In particular I distrust the solution of \( S_{2} \) because their method of multiplying the series by two can be done in many different ways to yield unexpected results.

As described above:
\( 2S_{2} = (1)+(-2+1)+(3-2)+(-4+3)+(5-4)+(-6+5)+(7-6)+(-8+7)+(9-8) … \)
\( 2S_{2} = 1-1+1-1+1-1+1-1+1 … \)
\(2S_{2} = nonexistent\)
\(2S_{Cesàro 2} = \frac{1}{2}\)
Shifting over one more:
\( 2S_{2} = (1)+(-2)+(3+1)+(-4-2)+(5+3)+(-6-4)+(7+5)+(-8-6)+(9+7) … \)
\( 2S_{2} = 1-2+4-6+8-10+12-14+16 … \)
\(2S_{2} = nonexistent\)
\(2S_{Cesàro 2} = nonexistent\)
Shifting over one more yet:
\( 2S_{2} = (1)+(-2)+(3)+(-4+1)+(5-2)+(-6+3)+(7-4)+(-8+5)+(9-6) … \)

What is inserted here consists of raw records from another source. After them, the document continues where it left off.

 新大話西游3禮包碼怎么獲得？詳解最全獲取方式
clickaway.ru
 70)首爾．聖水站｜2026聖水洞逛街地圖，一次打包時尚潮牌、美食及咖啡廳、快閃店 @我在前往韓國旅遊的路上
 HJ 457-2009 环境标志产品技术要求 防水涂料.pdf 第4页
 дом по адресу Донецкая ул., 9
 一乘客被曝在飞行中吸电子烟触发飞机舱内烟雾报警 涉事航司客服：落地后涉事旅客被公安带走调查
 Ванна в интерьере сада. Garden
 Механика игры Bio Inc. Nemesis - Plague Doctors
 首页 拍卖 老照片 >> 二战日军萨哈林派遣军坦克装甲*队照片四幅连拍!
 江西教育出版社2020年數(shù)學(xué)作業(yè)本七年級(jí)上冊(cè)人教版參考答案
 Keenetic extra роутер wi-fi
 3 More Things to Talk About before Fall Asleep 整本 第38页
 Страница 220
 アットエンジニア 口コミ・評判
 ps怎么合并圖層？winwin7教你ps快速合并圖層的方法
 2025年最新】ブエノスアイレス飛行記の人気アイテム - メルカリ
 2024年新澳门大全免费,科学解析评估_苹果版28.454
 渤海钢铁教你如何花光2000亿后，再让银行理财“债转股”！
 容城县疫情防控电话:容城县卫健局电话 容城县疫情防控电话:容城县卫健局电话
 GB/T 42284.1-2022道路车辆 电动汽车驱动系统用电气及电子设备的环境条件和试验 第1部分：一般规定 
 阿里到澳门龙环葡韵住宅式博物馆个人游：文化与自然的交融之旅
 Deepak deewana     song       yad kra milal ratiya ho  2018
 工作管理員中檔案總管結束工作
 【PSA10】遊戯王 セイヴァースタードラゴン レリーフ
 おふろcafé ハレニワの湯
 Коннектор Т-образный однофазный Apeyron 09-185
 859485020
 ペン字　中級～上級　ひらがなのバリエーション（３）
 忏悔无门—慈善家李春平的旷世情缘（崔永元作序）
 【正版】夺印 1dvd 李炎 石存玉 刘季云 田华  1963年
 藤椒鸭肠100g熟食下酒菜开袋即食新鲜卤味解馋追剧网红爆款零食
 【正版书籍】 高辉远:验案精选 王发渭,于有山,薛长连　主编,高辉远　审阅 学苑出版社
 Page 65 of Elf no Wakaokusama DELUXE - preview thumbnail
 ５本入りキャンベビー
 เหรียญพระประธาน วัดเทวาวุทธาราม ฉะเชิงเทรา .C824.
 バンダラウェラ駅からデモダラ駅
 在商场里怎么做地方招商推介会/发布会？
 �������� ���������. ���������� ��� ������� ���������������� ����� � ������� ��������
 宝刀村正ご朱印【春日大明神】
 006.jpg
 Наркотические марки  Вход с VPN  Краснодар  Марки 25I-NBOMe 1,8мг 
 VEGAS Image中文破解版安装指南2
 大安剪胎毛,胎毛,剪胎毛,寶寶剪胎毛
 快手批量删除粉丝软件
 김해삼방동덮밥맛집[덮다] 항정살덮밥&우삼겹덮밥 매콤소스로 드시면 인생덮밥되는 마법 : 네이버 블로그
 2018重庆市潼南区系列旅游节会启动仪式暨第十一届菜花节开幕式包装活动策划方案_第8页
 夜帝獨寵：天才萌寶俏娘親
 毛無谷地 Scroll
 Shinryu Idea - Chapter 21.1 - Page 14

\( 2S_{2} = 1-2+3-3+3-3+3-3+3 … \)
\(2S_{2} = nonexistent\)
\(2S_{Cesàro 2} = \frac{1}{2}\)
By multiplying each element by two:
\( 2S_{2} = 2(1)+2(-2)+2(3)+2(-4)+2(5)+2(-6)+2(7)+2(-8)+2(9) … \)
\( 2S_{2} = 2-4+6-8+10-12+14-16+18 … \)
\(2S_{2} = nonexistent\)
\(2S_{Cesàro 2} = nonexistent\)
By adding a reversed order copy of itself:
\( 2S_{2} = (1\pm\infty)+(-2\pm\infty)+(3\pm\infty)+(-4\pm\infty)+(5\pm\infty)+(-6\pm\infty)+(7\pm\infty)+(-8\pm\infty)+(9\pm\infty) … \)
\(2S_{2} = nonexistent\)
\(2S_{Cesàro 2} = nonexistent\)

If a series is not summable, then multiplying it by anything is an unreasonable thing to do.   If you choose to go ahead and do so, don't expect the results you get to be coherent.